Projects
FedOne: Query-Efficient Federated Learning for Black-box Discrete Prompt Learning
Dec. 2023 – May. 2025 Proposed a novel federated learning framework tailored for black-box discrete prompt tuning on cloud-based LLMs, addressing the high query cost previously overlooked in federated black-box prompt learning scenarios. We theoretically proved and empirically validates that activating only one client per round achieves optimal query efficiency under this scenario. The framework is evaluated on GLUE tasks and real-world APIs (e.g., GPT-3.5), showing significant reductions in query overhead and computational demands. This work has been accepted by ICML 2025.

Communication Efficiency and Privacy-preserving Computation in Vertical Federated Learning
Apr. 2022 - Jan. 2024
Developed an innovative Vertical Federated Learning framework that combines various optimization techniques to improve convergence rates while preserving data privacy. Proposed a theoretical analysis of the framework’s convergence and differential privacy guarantees, achieving substantial reductions in communication costs. This series of works are published in NeurIPS 2023 and Machine Learning Journal (MLJ).

Event-Driven Online Federated Learning
Jan. 2023 - Oct. 2024
We address a critical challenge in Vertical Federated Learning (VFL): the absence of synchronous data streaming across clients in online learning scenarios.
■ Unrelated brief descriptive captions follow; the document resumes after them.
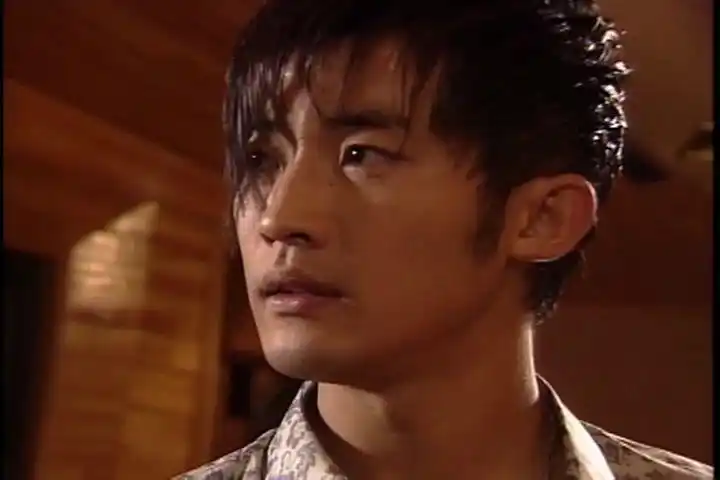 【星梦奇缘】12-1 小民涟漪车内亲吻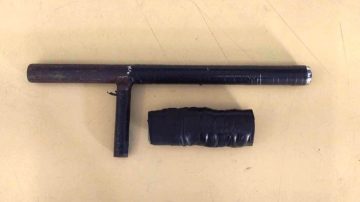 B° Sarmiento: vecinos atacaron a policías cuando fueron a detener a “Cuchi” por portar una “tumbera”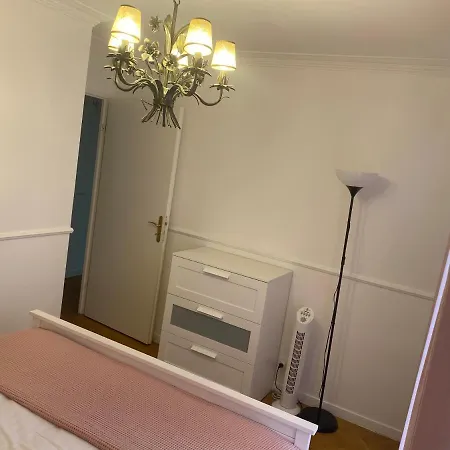 Apartmán Disneyland For 6 *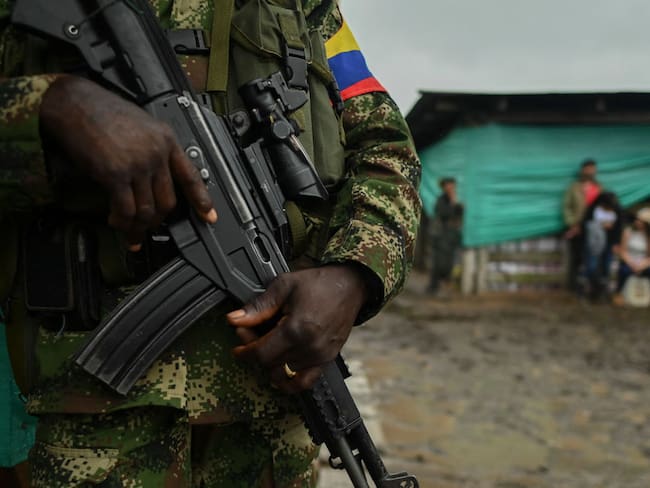 Grupos armados ilegales se fortalecieron con el cese al fuego en el Cauca: Miller Hurtado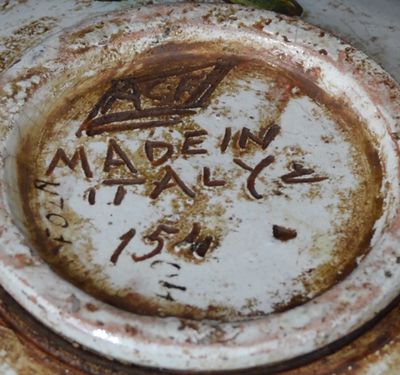 Italy earthenware mark.jpg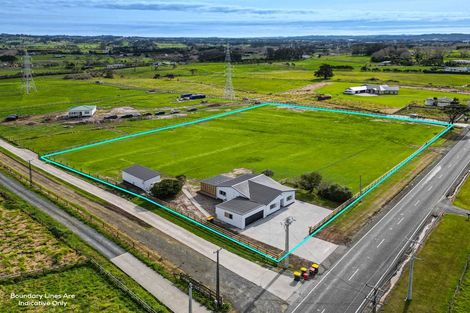 Photo of property in 157 Nixon Road, Taupaki, Henderson, 0782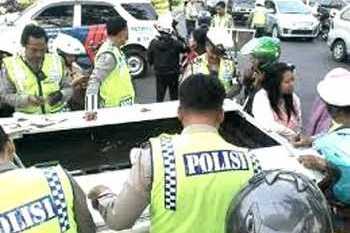 Personel Polisi Lalu Lintas Polres Malang saat menggelar Operasi simpatik di wilayah Kepanjen, Kab Malang.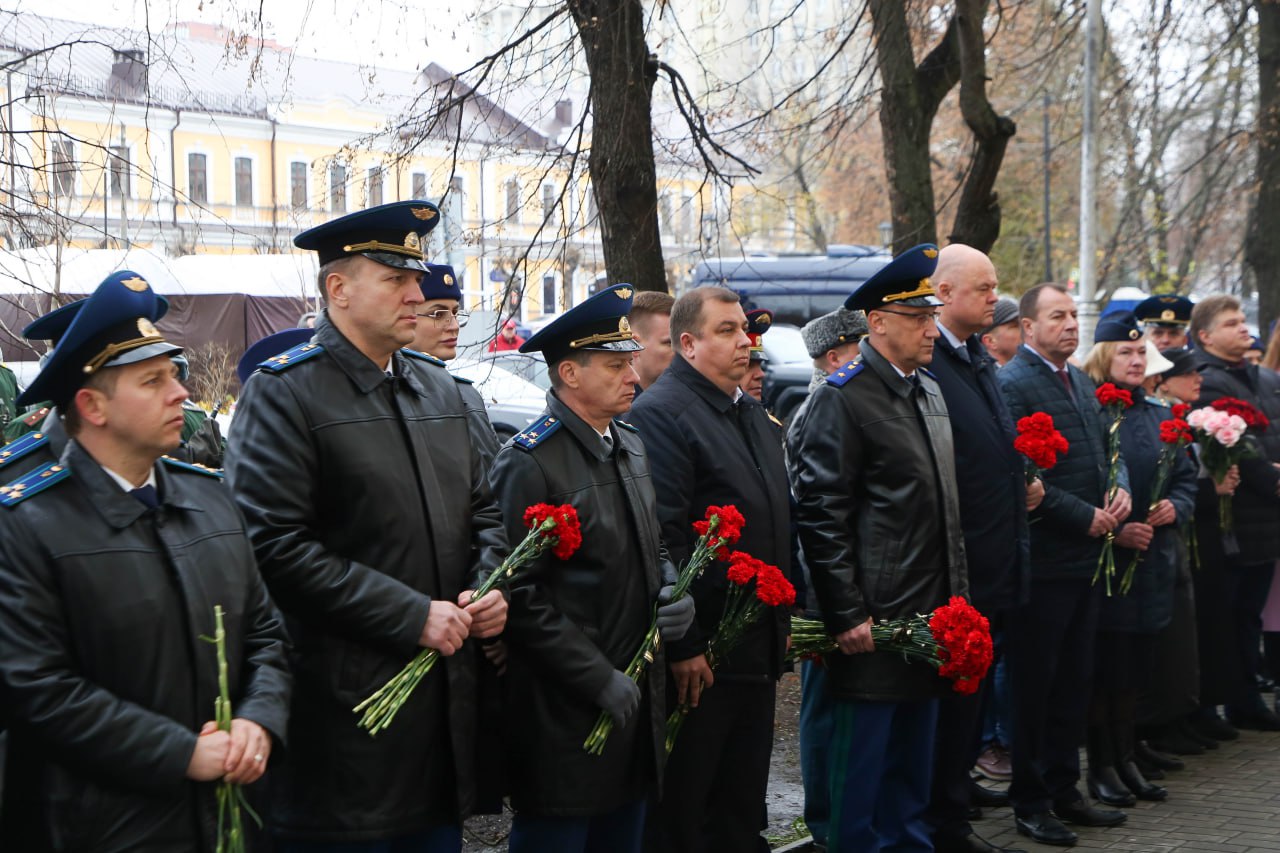 Вице-губернатор Сергей Федотов принял участие в торжественной церемонии открытия мемориальной доски, посвященной памяти заслуженного юриста РСФСР, почетного работника прокуратуры и государственного советника юстиции 3 класса...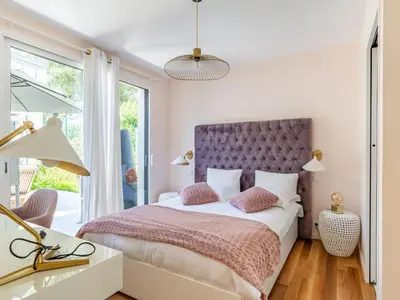 Un ou plusieurs lits dans un hébergement de l'établissement Holiday Home Indigo-Vue Mer et Piscine chauffée by Interhome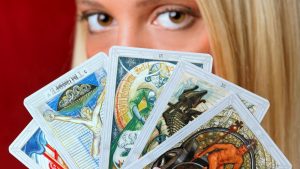 Horoscopul de Tarot pentru Mai 2026: Echilibrul între Siguranța Financiară și Relațiile Interumane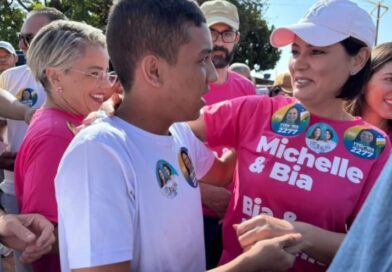 Michelle Bolsonaro participa de carreata de candidata que sofreu acidente em trio elétrico em Valparaíso de Goiás Michelle Bolsonaro participa de carreata de candidata que sofreu acidente em trio elétrico em Valparaíso de Goiás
While prior research often assumes that all clients receive data for the same entity simultaneously, real-world applications are inherently dynamic, characterized by event-driven and asynchronous data arrivals. To overcome this limitation, we propose a novel event-driven online VFL framework that enables asynchronous client activation based on event triggers. This approach significantly reduces communication and computation costs by activating only the relevant subset of clients for each event, offering a scalable and efficient solution for collaborative learning in dynamic environments. Our research expands the practical applicability of online VFL to domains such as IoT networks, sensor systems, and distributed enterprise solutions. This work has been published in ICLR 2025.

Kernelized AUC Maximization in Vertical Federated Learning
Jun. 2023 - Jul. 2024
Contributed to the Asynchronous Vertical Federated Kernelized AUC Maximization (AVFKAM) project, designed to enhance model performance on imbalanced datasets. This project demonstrates notable improvements in training efficiency for federated systems. Published in KDD 2024.